# [Task to carry out]
Starting with the line that has "MK는 미국 효모, Athletes, 지원" in the records below and ending with the line that has "Longhorn Bolo Necklace", output those lines exactly and nothing more; omit the pictures.
[Data listing — start]
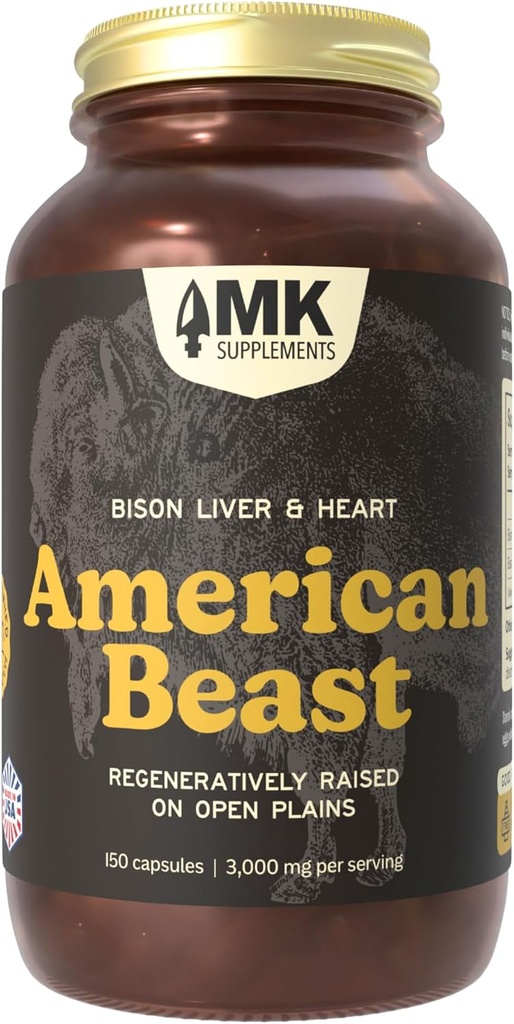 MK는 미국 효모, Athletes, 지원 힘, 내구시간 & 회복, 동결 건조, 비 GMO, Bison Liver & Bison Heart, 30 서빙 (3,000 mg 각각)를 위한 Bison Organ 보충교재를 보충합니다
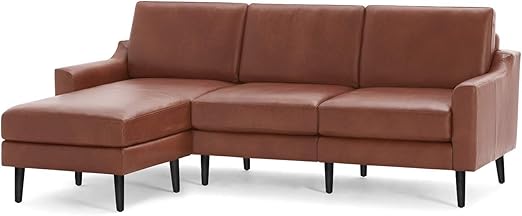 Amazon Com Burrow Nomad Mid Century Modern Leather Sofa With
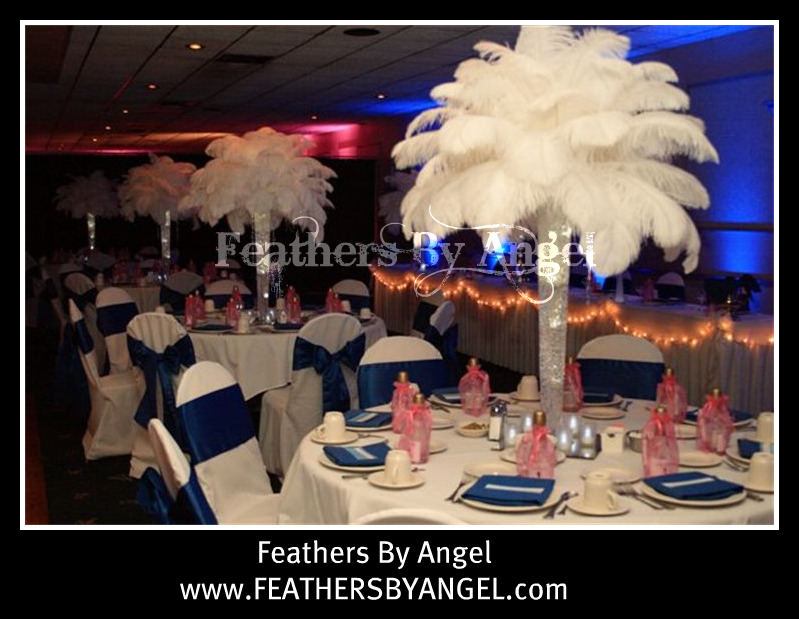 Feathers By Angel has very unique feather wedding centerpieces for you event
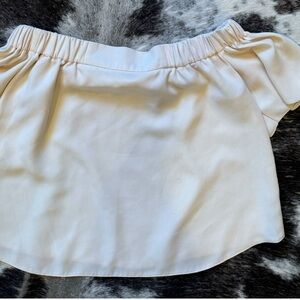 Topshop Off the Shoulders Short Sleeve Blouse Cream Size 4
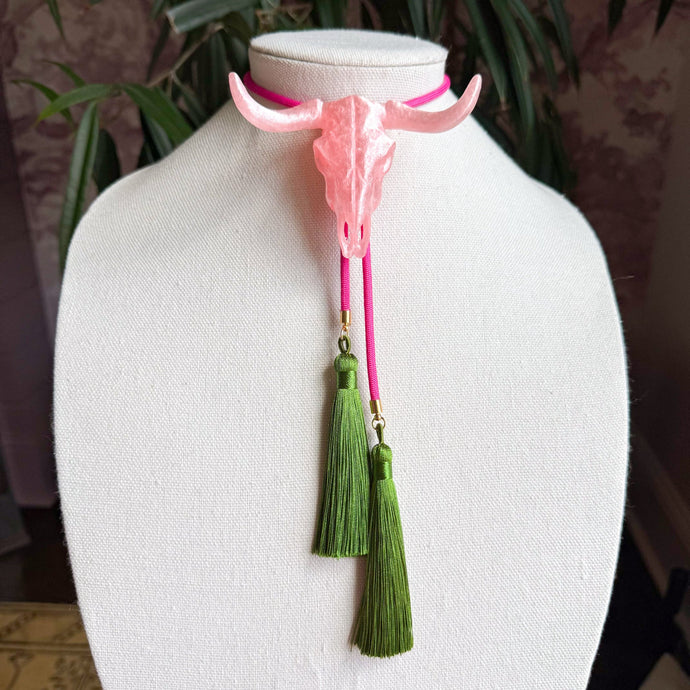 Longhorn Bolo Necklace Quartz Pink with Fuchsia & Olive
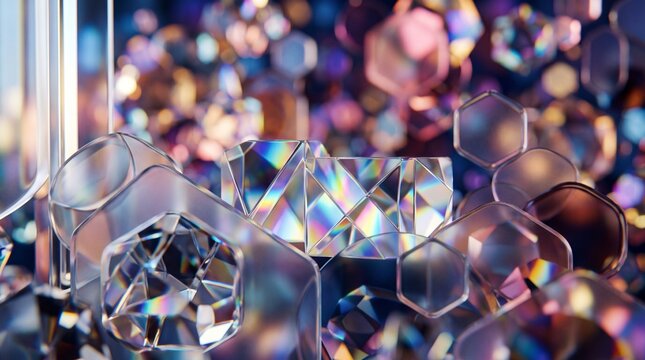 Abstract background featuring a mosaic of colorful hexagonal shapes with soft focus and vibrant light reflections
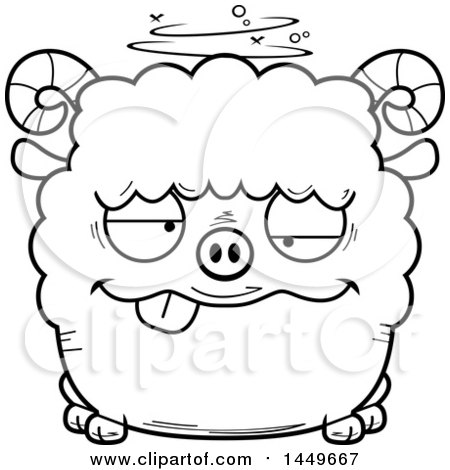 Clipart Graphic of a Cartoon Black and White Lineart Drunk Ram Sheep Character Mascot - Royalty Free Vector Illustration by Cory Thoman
[Data listing — finish]
[Data listing — start]
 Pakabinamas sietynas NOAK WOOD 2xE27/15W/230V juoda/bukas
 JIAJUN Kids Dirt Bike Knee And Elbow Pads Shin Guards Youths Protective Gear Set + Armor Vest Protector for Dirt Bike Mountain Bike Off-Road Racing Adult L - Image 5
[Data listing — finish]
# [Result for this exercise]
 MK는 미국 효모, Athletes, 지원 힘, 내구시간 & 회복, 동결 건조, 비 GMO, Bison Liver & Bison Heart, 30 서빙 (3,000 mg 각각)를 위한 Bison Organ 보충교재를 보충합니다
 Amazon Com Burrow Nomad Mid Century Modern Leather Sofa With
 Feathers By Angel has very unique feather wedding centerpieces for you event
 Topshop Off the Shoulders Short Sleeve Blouse Cream Size 4
 Longhorn Bolo Necklace Quartz Pink with Fuchsia & Olive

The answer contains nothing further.